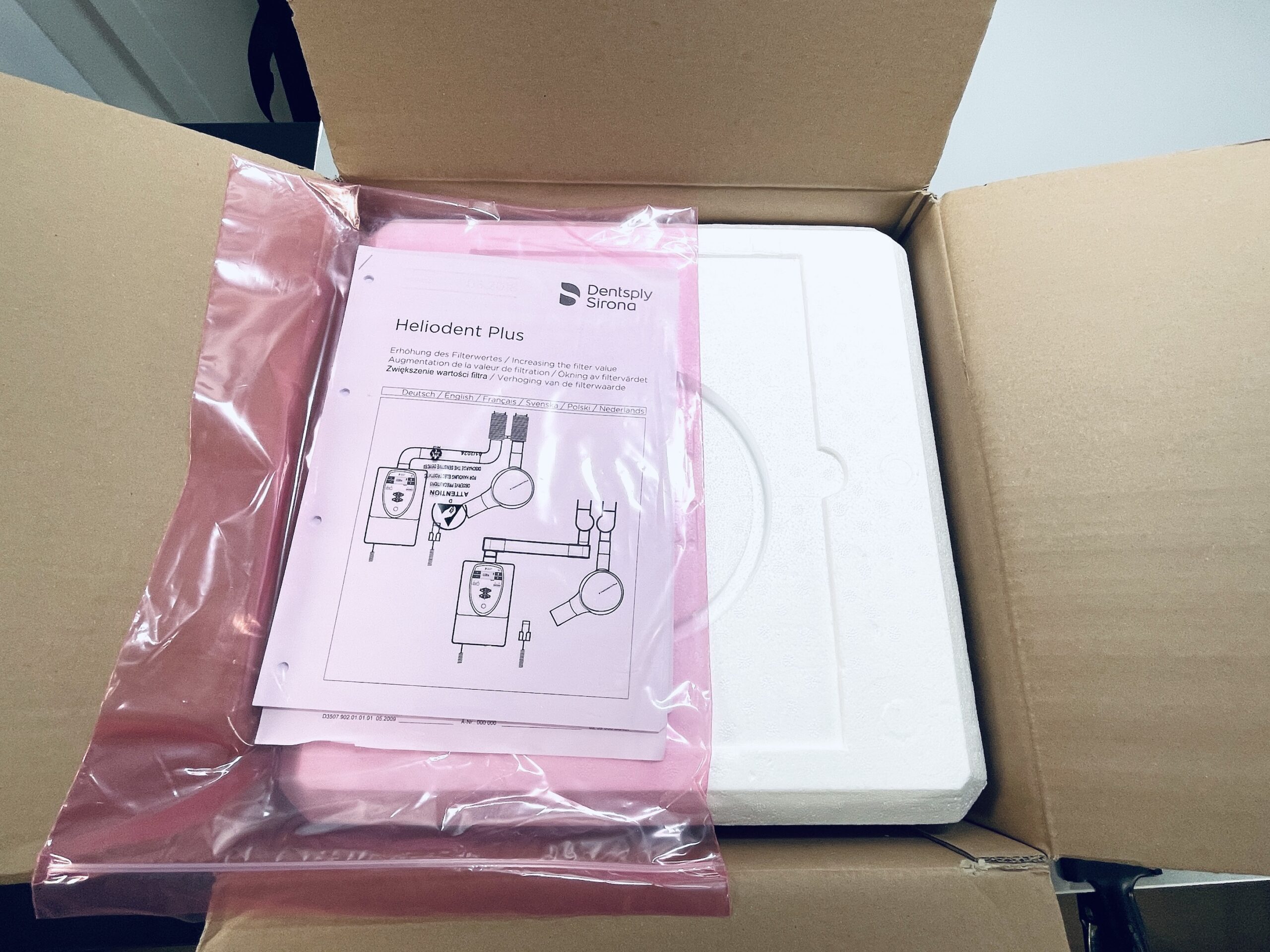 Sirona Heliodent Plus Strahler 6242189 D3507 Tube HD Plus  X-Ray Ersatzteil NEU | 334401 Sirona Heliodent Plus Strahler 6242189 D3507 Tube HD Plus  X-Ray Ersatzteil NEU | 334401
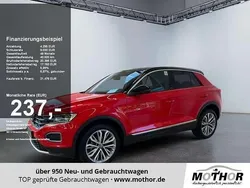 Flashrot Gebraucht 2021 VW T-Roc Active SUV | 22.311 € (Etwas zu teuer)
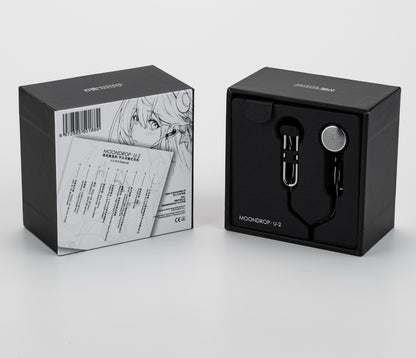 【耳機】MoonDrop 水月雨 U-2 U2 平頭式耳機 平頭塞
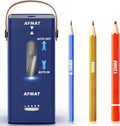 AFMAT Electric Pencil Sharpener, Fully Automatic Pencil Sharpener, Auto in & Out by AFMAT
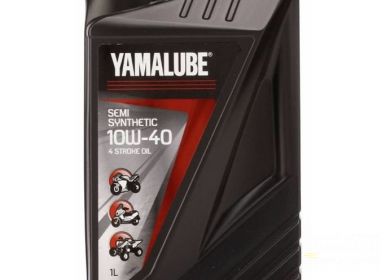 Motorový olej YAMALUBE 4S 10W40 SEMI SYNTHETIC, 1L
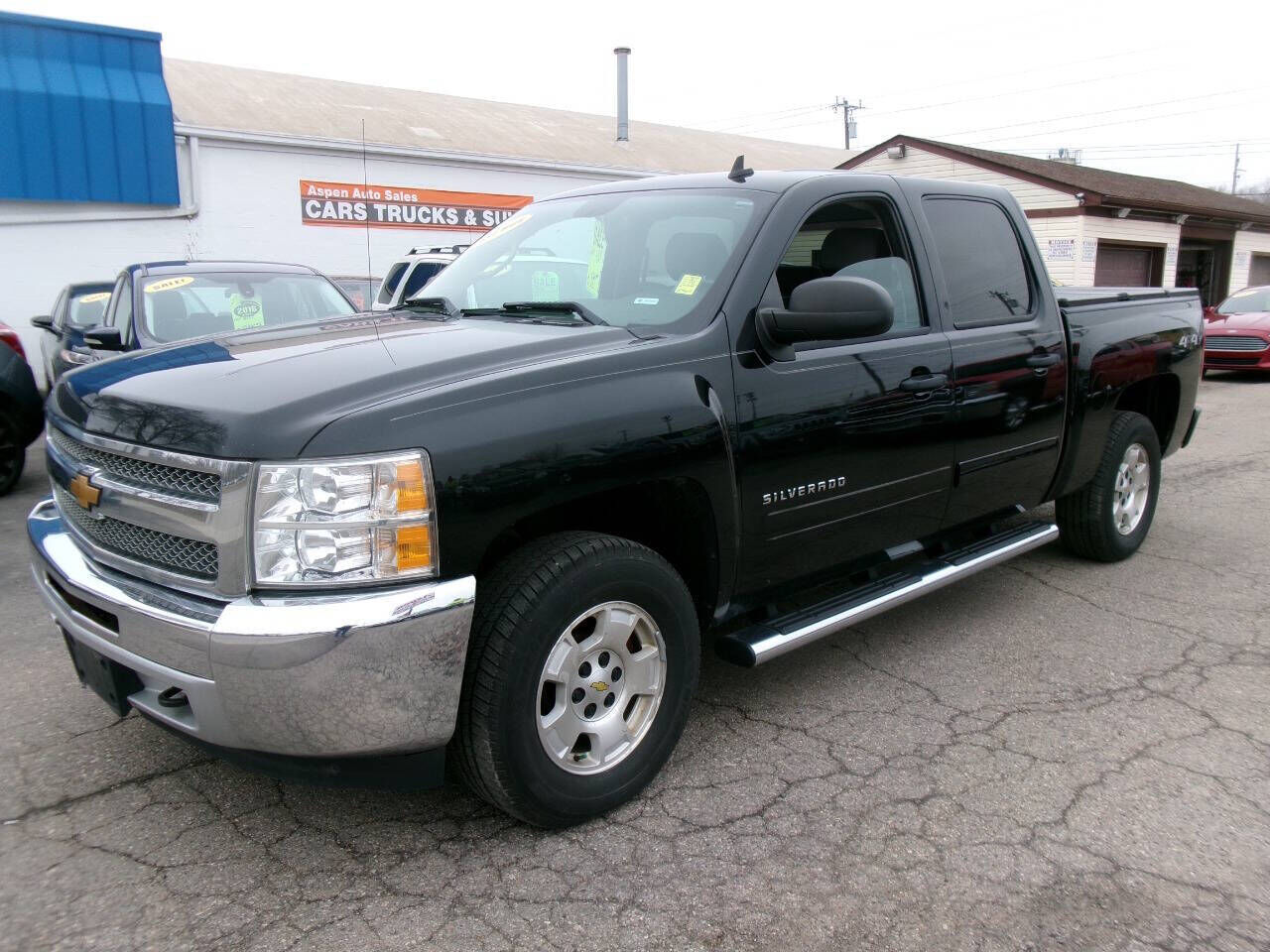 2013 CHEVROLET Silverado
_ _ _ _ _
**What you need to do**
For this copy, leave pictures out and reproduce the lines from the one bearing "Flashrot Gebraucht 2021" through the final line of the listing above, both ends included.

**Worked solution**
 Flashrot Gebraucht 2021 VW T-Roc Active SUV | 22.311 € (Etwas zu teuer)
 【耳機】MoonDrop 水月雨 U-2 U2 平頭式耳機 平頭塞
 AFMAT Electric Pencil Sharpener, Fully Automatic Pencil Sharpener, Auto in & Out by AFMAT
 Motorový olej YAMALUBE 4S 10W40 SEMI SYNTHETIC, 1L
 2013 CHEVROLET Silverado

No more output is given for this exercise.